金属-晶体复合超构表面：超构表面上的手性非线性光学响应的实现主要依赖于超构单元的几何形状，难以在特定的工作波长对圆二向色性进行连续调控。本论文设计了一种由等离激元超构单元和非线性光学晶体组成的复合超构表面，借助超构单元和晶体的对称性，揭示了具有三种传播相位或几何相位的二次谐波转换通道。通过调控超构单元与晶体的面内扭转角，实现了复合超构表面上二次谐波的圆二向色性调控。
本论文系统地研究了等离激元超构表面上的二次谐波产生与调控机理。通过优化纳米共振腔的共振模式、设计超构表面的全局对称性、引入具有特定对称性的晶体材料等，不仅提高了二次谐波转换效率，而且实现了对其振幅、偏振和相位的调控。相关研究方法和结果有望为发展高效率、多功能非线性光学超构表面提供重要理论基础和技术方案。

Optical metasurfaces are quasi-two-dimensional artificial structural materials composed of sub-wavelength meta-atoms. For their advantages in multi-dimensional optical field manipulation and integration, metasurfaces have received widespread attention in recent years. By introducing nonlinear optical processes, optical functions like frequency conversion, switching can be realized on metasurfaces. This thesis focuses on the second harmonic generation and manipulation on plasmonic metasurfaces.

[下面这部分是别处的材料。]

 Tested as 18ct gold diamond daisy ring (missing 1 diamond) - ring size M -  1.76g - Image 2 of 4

By designing plasmonic nano-cavities, inter-meta-atom coupling effects and metal-crystal hybrid structures, new principles and methods are observed for controlling the amplitude, polarization, and phase of second harmonic waves.

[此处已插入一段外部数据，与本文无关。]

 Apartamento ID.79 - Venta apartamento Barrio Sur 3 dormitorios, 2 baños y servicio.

Nano-cavity enhancement effect: On single-layer plasmonic metasurfaces, the conversion efficiency of second-harmonic waves can be enhanced by the local resonance modes. However, the significant reflection and scattering at the resonant wavelength lead to low coupling efficiency of the pump light, limiting the enhancement effect of the resonant mode on the local field. This research introduces nano-cavities onto the metasurfaces, which significantly suppress radiation losses at the resonant wavelength and greatly enhance the second-harmonic generation process.
Coupling-induced enhancement effect: The amplitude and polarization modulation of second-harmonic waves on metasurfaces are usually realized by designing the shape of meta-atoms, while the coupling of meta-atoms is usually neglected. This research arranges two groups of plasmonic meta-atoms with inversion symmetry into a hexagonal lattice, breaks the global inversion symmetry, and realizes the controlling of the amplitude and polarization of the second harmonics.

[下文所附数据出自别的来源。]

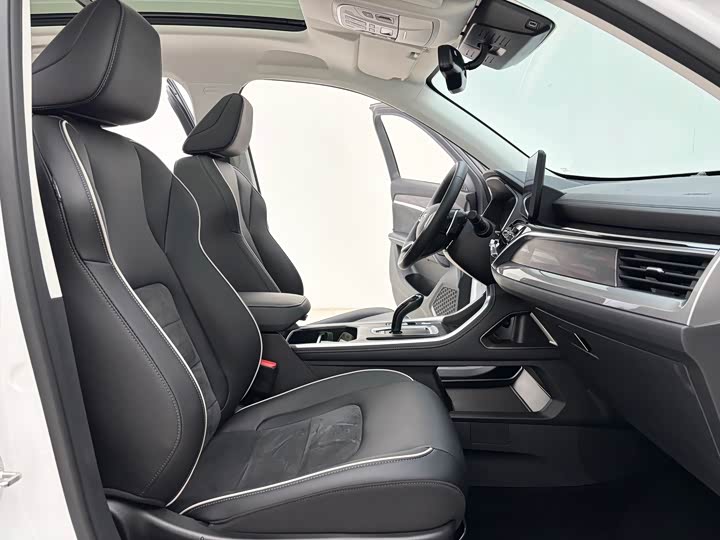 Фото 8 - Haval H6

Metal-crystal hybrid metasurface: The realization of nonlinear optical chirality usually relies on the shape design of chiral meta-atoms, making it difficult to achieve a continuous chirality modulation at the certain wavelength. This research designs a hybrid metasurface composed of plasmonic meta-atoms and nonlinear optical crystals. Leveraging both symmetries of meta-atoms and crystals, three second-harmonic conversion channels with different propagation and geometric phases are observed. By using the interference between different channels and designing the in-plane twisting angle between the meta-atoms and the crystals, continuous modulation of the second-harmonic circular dichroism can be realized on the hybrid metasurface.
In summary, this thesis systematically studies the methods and mechanisms of the second-harmonic generation and manipulation on plasmonic metasurfaces. By optimizing the resonant mode of nano-cavities, designing the global symmetry-breaking effect of the metasurface, and introducing crystal materials with symmetries, not only improvements of the second-harmonic conversion efficiency achieved, but also precise modulation of the amplitude, polarization, and phase realized. The related methods and results of this thesis will provide a theoretical and practical guidance for the design of efficient multifunctional nonlinear optical metasurfaces.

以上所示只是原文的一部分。